RAW DATA
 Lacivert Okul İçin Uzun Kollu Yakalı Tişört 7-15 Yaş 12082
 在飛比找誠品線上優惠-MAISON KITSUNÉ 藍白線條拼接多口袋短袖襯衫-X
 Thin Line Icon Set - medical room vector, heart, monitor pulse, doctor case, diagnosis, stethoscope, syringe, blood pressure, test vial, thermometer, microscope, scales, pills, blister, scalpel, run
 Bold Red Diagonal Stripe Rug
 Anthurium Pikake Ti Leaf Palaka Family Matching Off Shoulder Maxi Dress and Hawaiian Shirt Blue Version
---
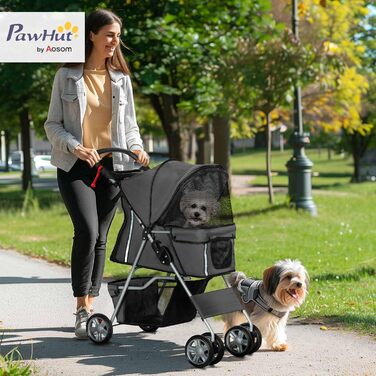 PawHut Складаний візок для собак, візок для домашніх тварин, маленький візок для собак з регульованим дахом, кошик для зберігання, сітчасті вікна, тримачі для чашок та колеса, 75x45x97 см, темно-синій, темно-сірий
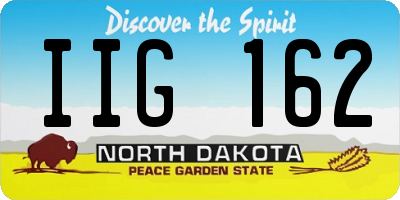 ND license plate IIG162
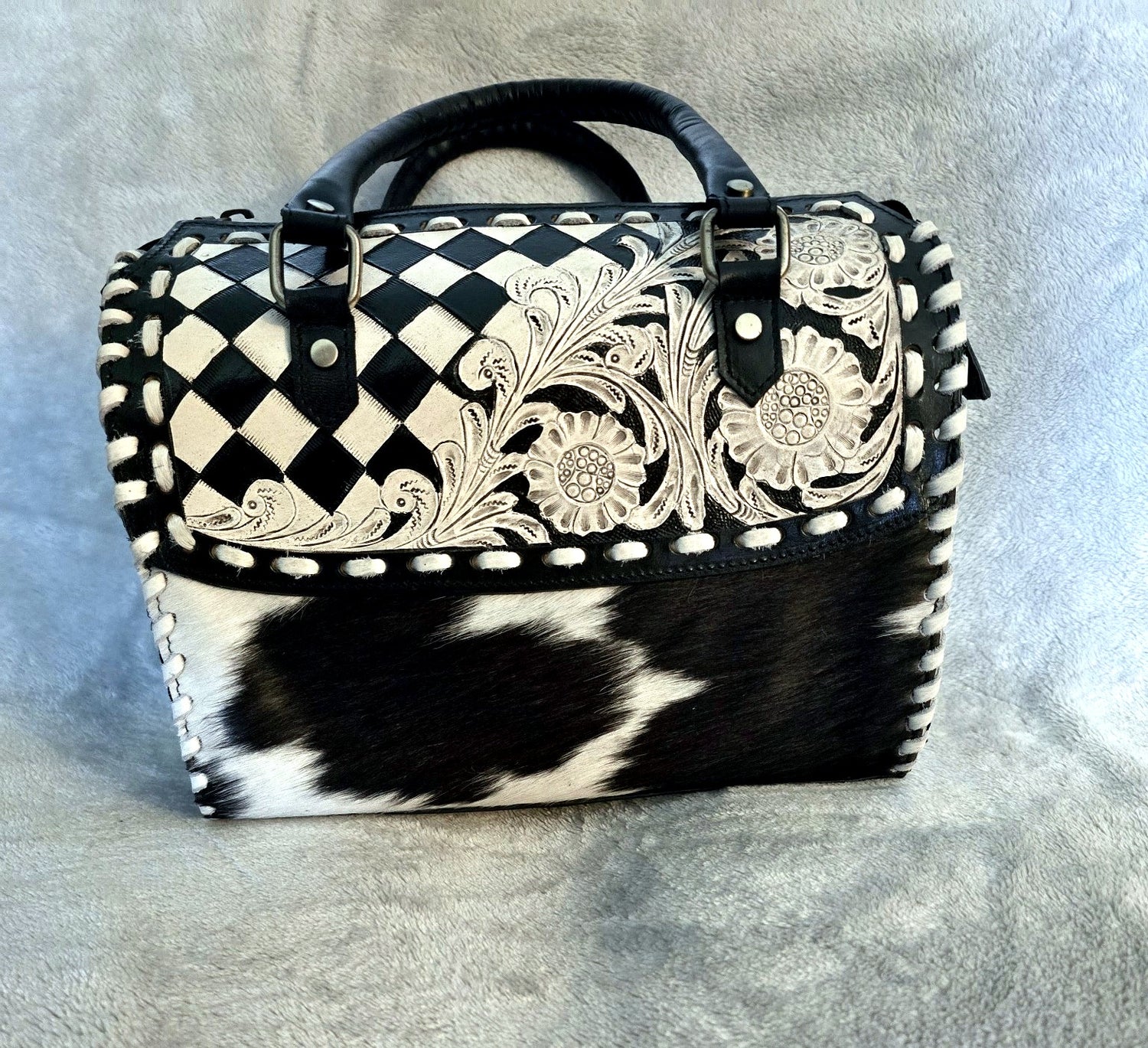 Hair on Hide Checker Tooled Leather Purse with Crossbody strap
...
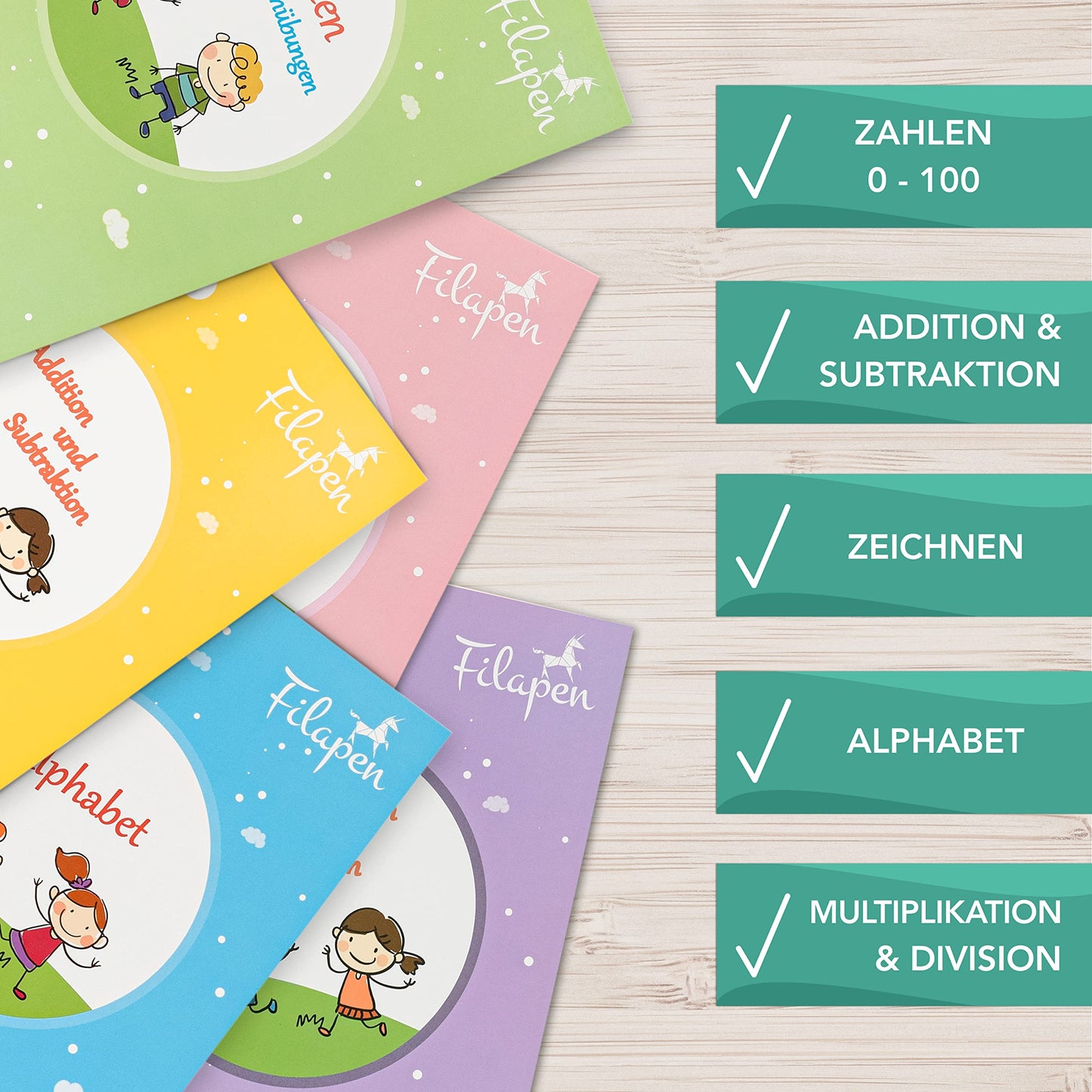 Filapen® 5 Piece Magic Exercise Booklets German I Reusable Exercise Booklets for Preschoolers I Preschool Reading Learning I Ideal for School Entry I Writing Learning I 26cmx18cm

DIRECTIONS
Would you please repeat exactly the lines above, starting at the line with "Lacivert Okul İçin" and stopping at the line with "Anthurium Pikake Ti", both included?

REPLY
 Lacivert Okul İçin Uzun Kollu Yakalı Tişört 7-15 Yaş 12082
 在飛比找誠品線上優惠-MAISON KITSUNÉ 藍白線條拼接多口袋短袖襯衫-X
 Thin Line Icon Set - medical room vector, heart, monitor pulse, doctor case, diagnosis, stethoscope, syringe, blood pressure, test vial, thermometer, microscope, scales, pills, blister, scalpel, run
 Bold Red Diagonal Stripe Rug
 Anthurium Pikake Ti Leaf Palaka Family Matching Off Shoulder Maxi Dress and Hawaiian Shirt Blue Version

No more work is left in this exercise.